→ **RECORDS SHOWN**:
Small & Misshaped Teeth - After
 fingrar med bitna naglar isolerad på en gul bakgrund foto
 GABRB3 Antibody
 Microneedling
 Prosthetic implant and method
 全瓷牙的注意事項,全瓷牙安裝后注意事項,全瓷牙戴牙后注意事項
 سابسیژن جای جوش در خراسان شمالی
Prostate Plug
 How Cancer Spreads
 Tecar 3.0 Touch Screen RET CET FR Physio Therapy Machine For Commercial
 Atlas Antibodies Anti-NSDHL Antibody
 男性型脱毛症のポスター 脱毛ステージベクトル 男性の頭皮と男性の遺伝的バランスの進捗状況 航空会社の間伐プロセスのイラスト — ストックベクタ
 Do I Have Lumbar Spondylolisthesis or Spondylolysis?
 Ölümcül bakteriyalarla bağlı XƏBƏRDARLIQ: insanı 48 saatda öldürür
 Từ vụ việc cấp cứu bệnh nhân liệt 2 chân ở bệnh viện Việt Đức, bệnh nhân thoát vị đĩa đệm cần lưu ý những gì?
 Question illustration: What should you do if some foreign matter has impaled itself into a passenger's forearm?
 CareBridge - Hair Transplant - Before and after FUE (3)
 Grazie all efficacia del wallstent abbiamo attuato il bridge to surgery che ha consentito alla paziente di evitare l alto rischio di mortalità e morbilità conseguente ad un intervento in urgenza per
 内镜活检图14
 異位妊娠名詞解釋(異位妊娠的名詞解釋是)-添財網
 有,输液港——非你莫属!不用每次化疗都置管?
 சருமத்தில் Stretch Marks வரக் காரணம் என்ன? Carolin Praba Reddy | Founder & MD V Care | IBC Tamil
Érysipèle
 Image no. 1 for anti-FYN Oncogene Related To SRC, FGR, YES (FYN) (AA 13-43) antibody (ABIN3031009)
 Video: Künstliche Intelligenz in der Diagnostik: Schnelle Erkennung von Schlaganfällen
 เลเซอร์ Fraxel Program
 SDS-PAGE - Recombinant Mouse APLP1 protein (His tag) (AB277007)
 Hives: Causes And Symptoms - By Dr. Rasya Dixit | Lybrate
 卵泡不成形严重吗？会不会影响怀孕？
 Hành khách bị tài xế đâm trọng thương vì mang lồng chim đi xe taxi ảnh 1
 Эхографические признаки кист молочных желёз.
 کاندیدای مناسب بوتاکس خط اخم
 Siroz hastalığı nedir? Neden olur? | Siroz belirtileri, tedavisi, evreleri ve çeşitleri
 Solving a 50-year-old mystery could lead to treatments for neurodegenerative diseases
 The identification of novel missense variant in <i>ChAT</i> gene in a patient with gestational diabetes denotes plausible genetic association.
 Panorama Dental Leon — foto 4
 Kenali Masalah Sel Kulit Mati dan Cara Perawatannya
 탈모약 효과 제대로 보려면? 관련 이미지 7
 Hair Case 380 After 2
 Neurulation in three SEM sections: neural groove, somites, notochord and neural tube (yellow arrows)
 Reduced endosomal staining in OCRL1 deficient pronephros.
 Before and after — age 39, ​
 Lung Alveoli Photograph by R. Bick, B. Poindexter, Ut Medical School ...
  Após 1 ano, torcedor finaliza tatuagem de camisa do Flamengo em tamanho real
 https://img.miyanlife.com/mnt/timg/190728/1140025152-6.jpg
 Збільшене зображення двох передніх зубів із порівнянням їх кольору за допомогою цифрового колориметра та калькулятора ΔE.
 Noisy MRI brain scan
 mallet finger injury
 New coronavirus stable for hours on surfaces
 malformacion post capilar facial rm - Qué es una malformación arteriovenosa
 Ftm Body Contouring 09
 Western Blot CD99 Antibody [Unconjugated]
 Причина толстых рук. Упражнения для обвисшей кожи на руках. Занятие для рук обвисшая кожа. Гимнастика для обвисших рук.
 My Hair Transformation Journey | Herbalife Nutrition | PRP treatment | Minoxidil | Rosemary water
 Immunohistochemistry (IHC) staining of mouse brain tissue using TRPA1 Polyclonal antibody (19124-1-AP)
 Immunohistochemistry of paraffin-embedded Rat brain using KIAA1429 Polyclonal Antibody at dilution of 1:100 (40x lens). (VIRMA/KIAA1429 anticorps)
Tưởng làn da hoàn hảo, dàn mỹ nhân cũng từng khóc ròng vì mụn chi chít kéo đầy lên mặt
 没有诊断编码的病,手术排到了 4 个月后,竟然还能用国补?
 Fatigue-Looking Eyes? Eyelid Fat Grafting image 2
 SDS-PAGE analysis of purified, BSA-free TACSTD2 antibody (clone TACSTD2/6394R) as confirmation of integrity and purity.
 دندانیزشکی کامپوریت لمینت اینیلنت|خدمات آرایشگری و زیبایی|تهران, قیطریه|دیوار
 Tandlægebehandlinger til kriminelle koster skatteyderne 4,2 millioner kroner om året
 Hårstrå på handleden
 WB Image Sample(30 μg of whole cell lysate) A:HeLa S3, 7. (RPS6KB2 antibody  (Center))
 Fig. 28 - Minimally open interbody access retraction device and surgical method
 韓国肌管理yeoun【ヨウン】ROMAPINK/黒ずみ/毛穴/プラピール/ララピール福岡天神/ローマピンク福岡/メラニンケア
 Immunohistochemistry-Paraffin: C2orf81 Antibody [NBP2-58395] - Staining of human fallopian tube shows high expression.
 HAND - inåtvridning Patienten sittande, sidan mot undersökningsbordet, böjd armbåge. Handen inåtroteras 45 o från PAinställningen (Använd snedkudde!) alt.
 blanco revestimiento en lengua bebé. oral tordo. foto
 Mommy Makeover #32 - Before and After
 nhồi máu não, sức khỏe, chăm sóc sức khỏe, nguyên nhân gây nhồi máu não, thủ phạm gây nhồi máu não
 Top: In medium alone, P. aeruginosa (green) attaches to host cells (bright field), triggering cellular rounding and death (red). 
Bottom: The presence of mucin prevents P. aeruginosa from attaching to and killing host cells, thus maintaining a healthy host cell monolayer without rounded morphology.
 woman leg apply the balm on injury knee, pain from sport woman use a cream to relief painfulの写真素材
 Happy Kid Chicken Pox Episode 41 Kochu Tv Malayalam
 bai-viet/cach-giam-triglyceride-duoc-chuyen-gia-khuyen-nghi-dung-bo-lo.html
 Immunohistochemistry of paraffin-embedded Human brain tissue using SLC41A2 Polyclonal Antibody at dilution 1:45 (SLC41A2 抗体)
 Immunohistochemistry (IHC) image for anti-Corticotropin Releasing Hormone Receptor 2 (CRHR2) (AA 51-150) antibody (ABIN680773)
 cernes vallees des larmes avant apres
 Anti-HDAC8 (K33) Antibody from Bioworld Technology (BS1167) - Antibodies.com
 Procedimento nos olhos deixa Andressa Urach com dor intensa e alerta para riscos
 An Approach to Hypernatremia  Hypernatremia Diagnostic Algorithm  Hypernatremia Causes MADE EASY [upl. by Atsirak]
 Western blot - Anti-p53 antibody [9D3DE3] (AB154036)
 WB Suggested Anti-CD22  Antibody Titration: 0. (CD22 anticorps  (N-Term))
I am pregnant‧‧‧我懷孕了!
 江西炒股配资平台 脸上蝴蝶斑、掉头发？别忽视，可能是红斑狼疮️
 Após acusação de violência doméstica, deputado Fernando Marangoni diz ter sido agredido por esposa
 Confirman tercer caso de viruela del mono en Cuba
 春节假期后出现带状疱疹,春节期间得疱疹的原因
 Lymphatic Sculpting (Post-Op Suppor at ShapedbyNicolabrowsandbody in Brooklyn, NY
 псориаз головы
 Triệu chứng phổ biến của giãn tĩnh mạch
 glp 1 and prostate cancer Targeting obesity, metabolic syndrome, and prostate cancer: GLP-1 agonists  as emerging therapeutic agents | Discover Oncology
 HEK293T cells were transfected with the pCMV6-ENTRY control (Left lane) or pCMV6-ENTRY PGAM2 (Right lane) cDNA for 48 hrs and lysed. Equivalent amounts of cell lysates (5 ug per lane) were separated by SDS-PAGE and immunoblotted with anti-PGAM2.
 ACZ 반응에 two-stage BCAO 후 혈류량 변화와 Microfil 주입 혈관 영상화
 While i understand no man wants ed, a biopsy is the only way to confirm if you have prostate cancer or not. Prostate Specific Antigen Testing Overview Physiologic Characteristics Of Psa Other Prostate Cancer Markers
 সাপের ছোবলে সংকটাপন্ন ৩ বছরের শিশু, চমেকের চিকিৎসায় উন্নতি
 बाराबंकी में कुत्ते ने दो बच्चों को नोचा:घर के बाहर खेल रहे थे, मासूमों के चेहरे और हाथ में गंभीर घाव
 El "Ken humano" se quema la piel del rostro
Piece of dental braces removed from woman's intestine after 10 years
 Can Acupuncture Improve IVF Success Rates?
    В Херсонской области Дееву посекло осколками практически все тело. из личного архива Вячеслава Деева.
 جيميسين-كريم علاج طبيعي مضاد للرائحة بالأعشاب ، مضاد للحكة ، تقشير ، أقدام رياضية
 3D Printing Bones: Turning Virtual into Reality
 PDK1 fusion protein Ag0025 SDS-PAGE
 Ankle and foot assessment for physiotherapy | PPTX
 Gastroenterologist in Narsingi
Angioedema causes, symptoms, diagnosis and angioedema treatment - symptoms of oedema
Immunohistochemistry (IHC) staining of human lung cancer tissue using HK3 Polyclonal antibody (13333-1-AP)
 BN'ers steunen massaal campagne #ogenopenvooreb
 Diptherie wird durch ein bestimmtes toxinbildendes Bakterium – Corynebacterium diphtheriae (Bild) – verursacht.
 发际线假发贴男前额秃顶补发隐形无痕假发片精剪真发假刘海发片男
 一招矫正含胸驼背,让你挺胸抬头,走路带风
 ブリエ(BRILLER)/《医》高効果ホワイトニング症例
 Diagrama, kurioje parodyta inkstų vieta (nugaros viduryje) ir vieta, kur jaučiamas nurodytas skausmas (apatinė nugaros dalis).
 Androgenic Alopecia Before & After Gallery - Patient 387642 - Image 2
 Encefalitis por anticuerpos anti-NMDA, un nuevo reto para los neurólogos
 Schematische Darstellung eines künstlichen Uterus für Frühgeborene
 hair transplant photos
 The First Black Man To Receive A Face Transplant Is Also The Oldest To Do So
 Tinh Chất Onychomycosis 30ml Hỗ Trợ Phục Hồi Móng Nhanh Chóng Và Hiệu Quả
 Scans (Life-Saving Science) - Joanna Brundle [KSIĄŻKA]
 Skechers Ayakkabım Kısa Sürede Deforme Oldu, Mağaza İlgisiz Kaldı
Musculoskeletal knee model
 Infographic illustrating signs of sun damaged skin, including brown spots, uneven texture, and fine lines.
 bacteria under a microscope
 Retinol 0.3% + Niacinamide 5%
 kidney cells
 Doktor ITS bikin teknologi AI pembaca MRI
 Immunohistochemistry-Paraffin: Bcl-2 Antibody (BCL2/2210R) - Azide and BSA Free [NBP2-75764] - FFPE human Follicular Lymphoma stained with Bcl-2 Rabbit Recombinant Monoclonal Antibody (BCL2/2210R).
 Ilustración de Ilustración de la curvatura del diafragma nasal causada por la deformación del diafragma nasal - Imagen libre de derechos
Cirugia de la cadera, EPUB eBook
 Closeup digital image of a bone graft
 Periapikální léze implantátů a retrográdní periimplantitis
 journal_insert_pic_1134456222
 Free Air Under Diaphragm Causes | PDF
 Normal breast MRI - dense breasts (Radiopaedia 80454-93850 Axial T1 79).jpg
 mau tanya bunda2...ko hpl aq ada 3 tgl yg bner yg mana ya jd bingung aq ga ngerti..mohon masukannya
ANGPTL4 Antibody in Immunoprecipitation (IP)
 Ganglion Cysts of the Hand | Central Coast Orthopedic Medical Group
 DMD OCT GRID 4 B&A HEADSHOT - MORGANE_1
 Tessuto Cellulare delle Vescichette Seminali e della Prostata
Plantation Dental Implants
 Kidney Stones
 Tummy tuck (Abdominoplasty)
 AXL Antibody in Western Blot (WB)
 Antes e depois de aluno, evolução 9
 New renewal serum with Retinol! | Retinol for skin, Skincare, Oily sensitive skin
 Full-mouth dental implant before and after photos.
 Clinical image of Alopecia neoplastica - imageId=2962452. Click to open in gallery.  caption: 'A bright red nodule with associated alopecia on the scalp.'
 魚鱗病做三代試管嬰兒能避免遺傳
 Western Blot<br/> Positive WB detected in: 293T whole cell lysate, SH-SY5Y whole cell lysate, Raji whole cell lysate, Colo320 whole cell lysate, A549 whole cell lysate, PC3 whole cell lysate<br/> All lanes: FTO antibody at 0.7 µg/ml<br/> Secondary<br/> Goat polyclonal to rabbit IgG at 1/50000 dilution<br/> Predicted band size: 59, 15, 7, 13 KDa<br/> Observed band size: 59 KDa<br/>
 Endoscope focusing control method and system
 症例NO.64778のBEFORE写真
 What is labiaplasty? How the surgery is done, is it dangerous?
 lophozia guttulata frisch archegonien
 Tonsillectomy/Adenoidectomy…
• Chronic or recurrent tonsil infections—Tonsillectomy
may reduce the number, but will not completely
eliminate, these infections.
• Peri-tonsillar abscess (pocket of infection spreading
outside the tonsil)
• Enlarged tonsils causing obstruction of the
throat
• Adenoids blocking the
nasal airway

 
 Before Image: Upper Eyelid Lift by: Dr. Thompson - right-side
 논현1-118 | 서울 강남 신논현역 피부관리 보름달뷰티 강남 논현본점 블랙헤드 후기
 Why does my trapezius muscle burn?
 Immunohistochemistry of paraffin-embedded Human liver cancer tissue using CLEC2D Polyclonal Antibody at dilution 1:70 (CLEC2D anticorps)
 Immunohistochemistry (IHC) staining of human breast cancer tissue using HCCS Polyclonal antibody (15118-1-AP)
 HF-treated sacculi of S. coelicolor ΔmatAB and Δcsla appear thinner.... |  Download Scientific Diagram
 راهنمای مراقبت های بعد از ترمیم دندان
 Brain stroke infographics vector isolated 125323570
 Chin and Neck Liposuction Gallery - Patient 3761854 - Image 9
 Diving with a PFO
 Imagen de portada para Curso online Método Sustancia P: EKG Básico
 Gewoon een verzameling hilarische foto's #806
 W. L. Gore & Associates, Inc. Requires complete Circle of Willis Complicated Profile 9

→ **EXERCISE DESCRIPTION**: Find and copy each line above holding "foto".

→ **RESULT FOR THIS EXERCISE**:
 fingrar med bitna naglar isolerad på en gul bakgrund foto
 Panorama Dental Leon — foto 4
 blanco revestimiento en lengua bebé. oral tordo. foto
 Gewoon een verzameling hilarische foto's #806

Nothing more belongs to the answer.